In an issue going back to 2002, Teamster Local 847 is scheduled to present its case at the OLRB on Wednesday, June 29, 2011, at 505 University Avenue, beginning at 9:30 a.m.
In 2002, the Teamster local signed up the employees of two companies providing location and transportation services for seven movies being shot in Toronto at the time and asked the producers to accept the certification.
The companies were Cheyenne Support Service Inc. and Bogeyman Locations but only Cheyenne, owned by Bob Watson and Ron Marki, is pursuing the case before the OLRB.
The Directors Guild of Canada, Directors Guild of Ontario (DGCO) and the Canadian Film and Television Production Association (CFTPA) opposed the Teamster involvement and after the Teamster certification at the two companies the DGCO required the crew members to sign a Guild “deal memo” if they wanted to perform work on a film set.
The employees of the two companies refused and, as a result, were fired from the set – in one case being escorted off by an armed Toronto Police Service officer. Prior to the Teamster move, the security employees were not asked to sign such a memo.
Neither of the two companies have been employed by producers since. Bob Watson and Ron Marki, the owners of Cheyenne, who also provided labour for the film shoots have also not worked in the industry since.
The Teamsters filing with the OLRB also alleges unfair labour practices by the Directors Guild and the producers’ association.
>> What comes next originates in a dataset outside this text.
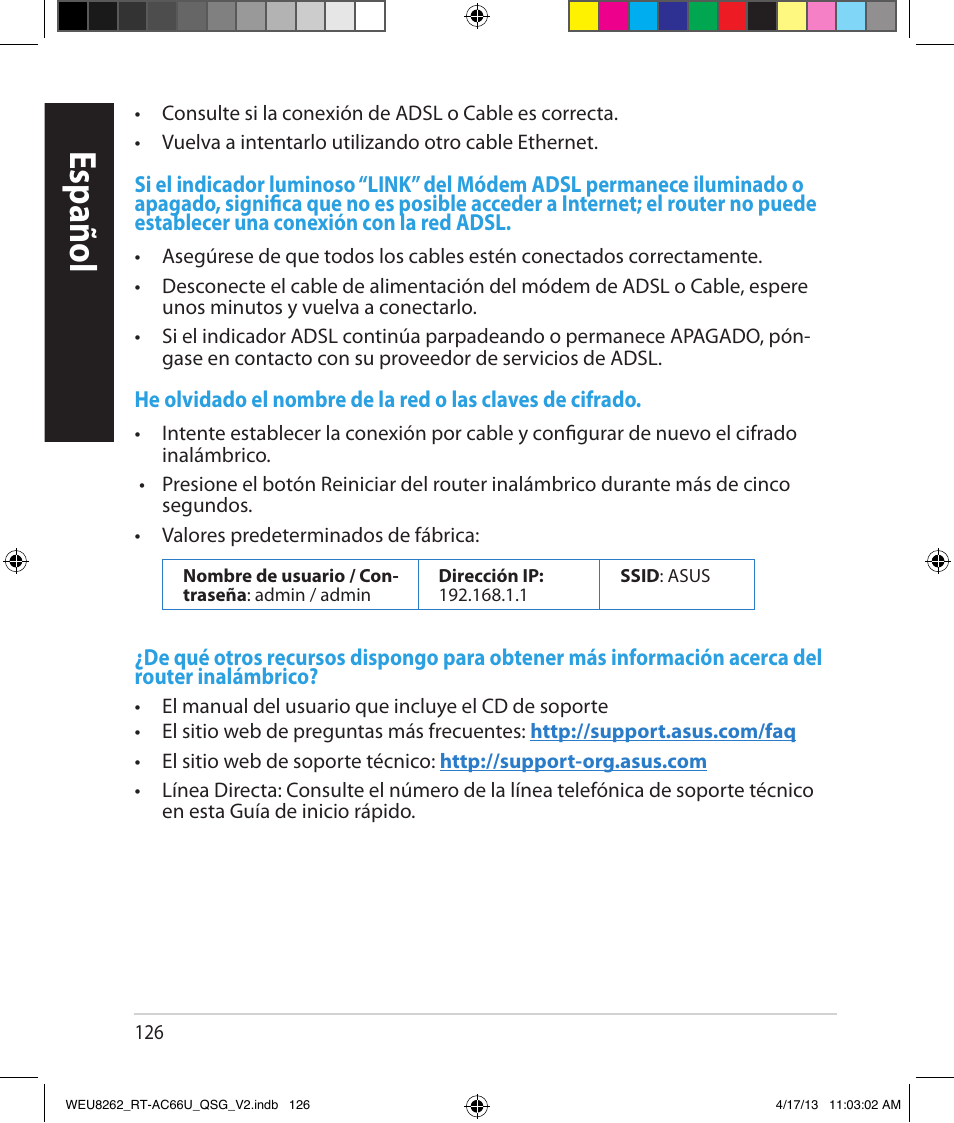 Español | Asus RT-AC66U User Manual | Page 126 / 136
The lawyers for Teamster local 847 and Cheyenne argue that employees should have a right to choose the union of their choice.
The employees had no voice in selecting the DGCO as their union. The production company allegedly voluntarily recognized the DGCO prior to contracting with Cheyenne, the security company, and then required its employees to sign up with the DGCO. Thus the employees had no say in whether they wanted to be represented by the DGCO or the Teamsters as their union.
Under their non-union status the guards were paid $11 to $13 an hour and were scheduled as needed without any limitations on hours or turnaround time.
Since the cased started, there have been numerous personnel changes at the OLRB and a number of preliminary motions by both sides.